Why Do My Legs Hurt When I Walk?

Allan Lee, DPT

September 2009

Walking our beautiful mountains is a great way to get your heart rate going, enjoy the great outdoors, and shed some unwanted pounds.  With our area housing some of the best hiking trails in the Tri-State region, this old fashioned exercise is easy, fun, convenient, and free.  The only equipment required is a comfortable pair of shoes and a water bottle.  Sounds perfect doesn’t it?  Unfortunately, walking isn’t so easy for everybody.  This article looks at three non-arthritic conditions that can cause leg pain and may affect walking, as well as, some ways to treat and manage them.  The conditions are peripheral artery disease, chronic venous insufficiency, and lumbar spinal stenosis.

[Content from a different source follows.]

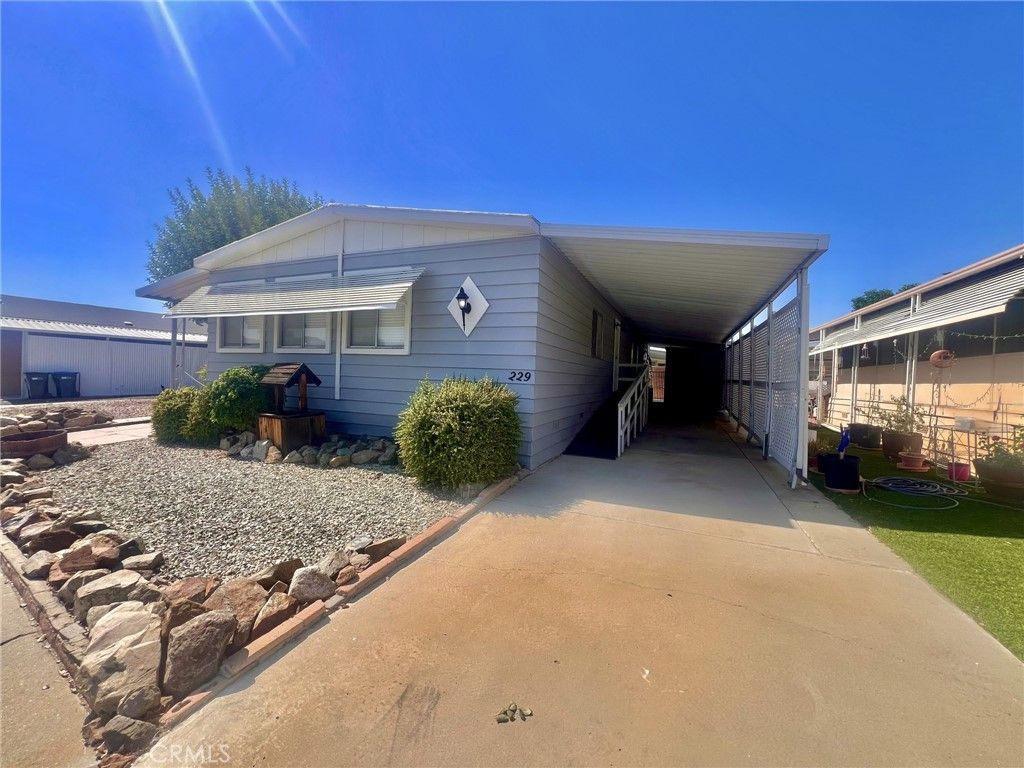 Image 3 of property listing at 27601 Sun City Blvd 229, Menifee, CA 92586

Peripheral artery disease (PAD) is a form of atherosclerosis where fat and cholesterol line your arteries.  Symptoms include cramping and tight pain that is felt in the muscles below a narrowed artery. It’s felt commonly in the buttocks, thigh, calf or foot, but occurs most often in the calf. The pain begins with walking, gets worse until you stop, then goes away with rest. This is a result of the muscles starving for oxygen due to restricted blood flow.  For treatment, the latest research has found that a highly structured, supervised exercise program can help people increase the distance they are able to walk before the discomfort begins. These programs usually involve closely monitored therapeutic exercise and endurance training.

Like PAD, chronic venous insufficiency is a condition of poor circulation, however, the veins become the culprit.  In people with chronic venous insufficiency, the valves in our veins are damaged and are unable to return blood from the feet and legs back up to the heart.  Symptoms usually involve swelling, dermatitis and cellulitis.  The legs feel achy and heavy accompanied by a tight bursting-type pain when walking.  Treatment includes posturing techniques to improve blood flow, vein-pumping leg exercises, and compression stockings.  Surgical treatment is reserved for the most serious cases.

Spinal stenosis is a condition in which the spinal canal narrows, squeezing the spinal cord or one of its many branches that exit out of the spinal column.  When you have lumbar spinal stenosis, the pain is normally felt in the legs and can be accompanied by weakness, numbness, or nocturnal leg cramps.  Since stenosis and PAD resemble, a key difference is that trunk flexion will help relieve lumbar spinal pressure therefore reducing pain in those with stenosis.  A physical therapy program aimed at strengthening back and abdominal muscles is often successful at preventing surgery.  Other physical therapy treatments include soft tissue mobilization, modalities such as heat or ice, and patient education. 

So don’t let painful legs stop you from enjoying our stunning hiking trails, downtown city streets, or your own back yard.  These are conditions that can be treated and can return you to a physically active lifestyle.